#### [RAW DATA]
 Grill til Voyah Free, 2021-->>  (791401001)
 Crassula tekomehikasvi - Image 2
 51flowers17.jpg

...

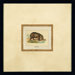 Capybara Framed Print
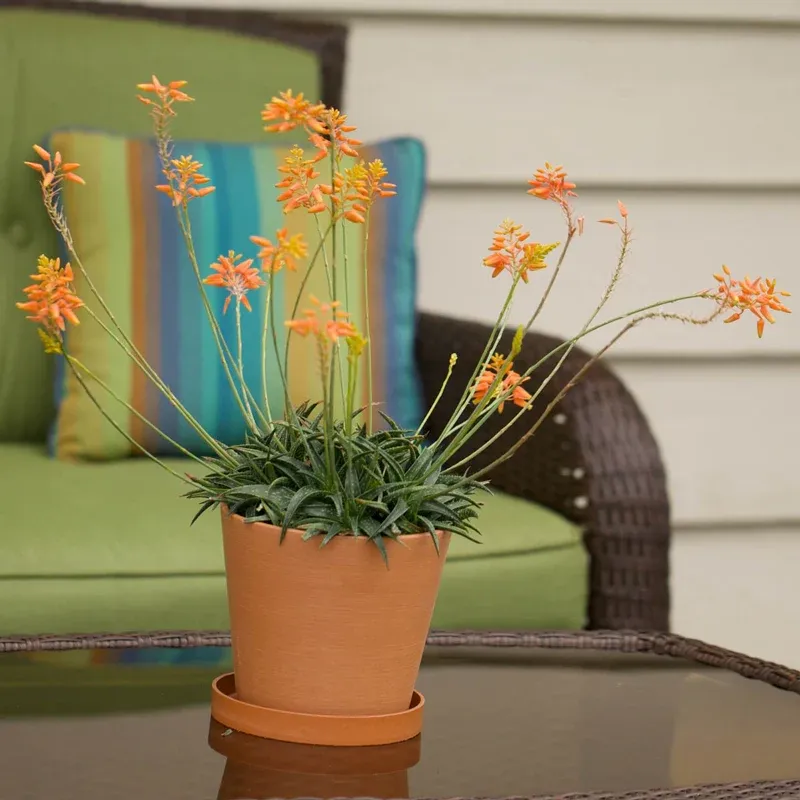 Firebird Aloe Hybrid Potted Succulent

==

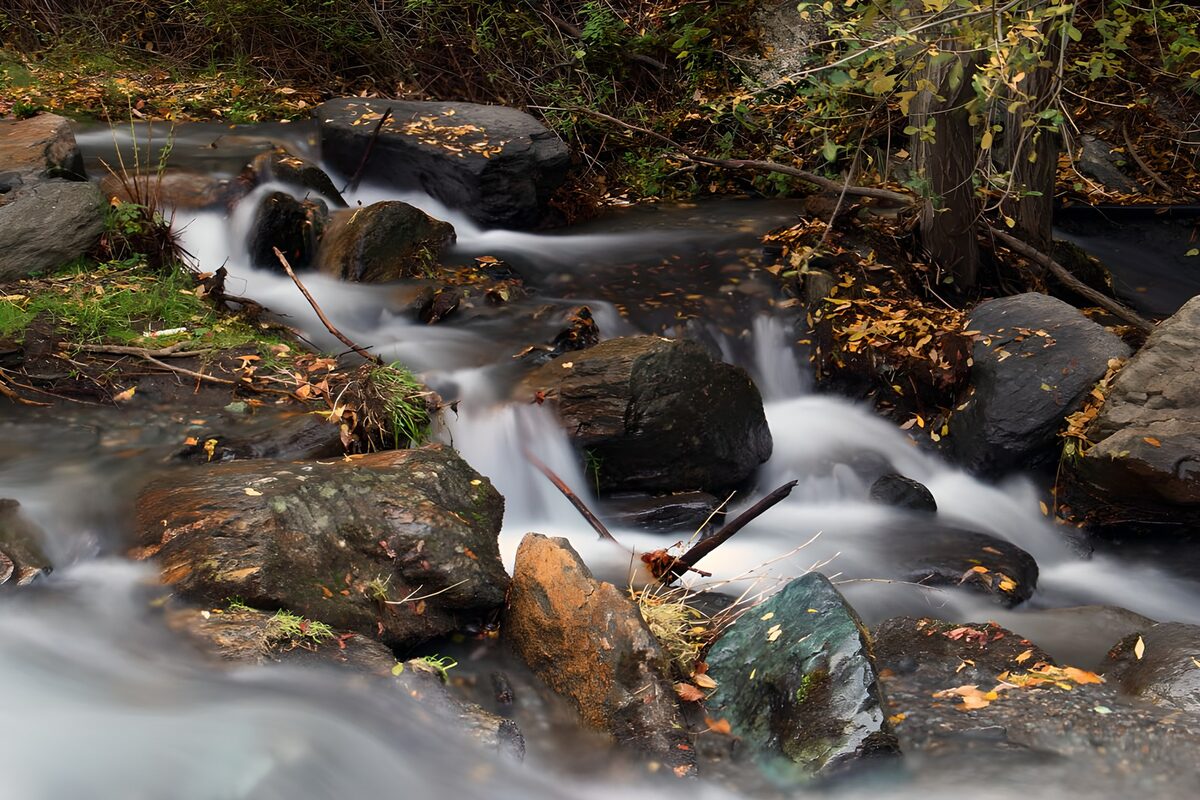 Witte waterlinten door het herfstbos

#### [TASK OBJECTIVE]
Restate word for word only the lines above from the line containing "Grill til Voyah" to the line containing "51flowers17.jpg", both of them included.

#### [ANSWER SECTION]
 Grill til Voyah Free, 2021-->>  (791401001)
 Crassula tekomehikasvi - Image 2
 51flowers17.jpg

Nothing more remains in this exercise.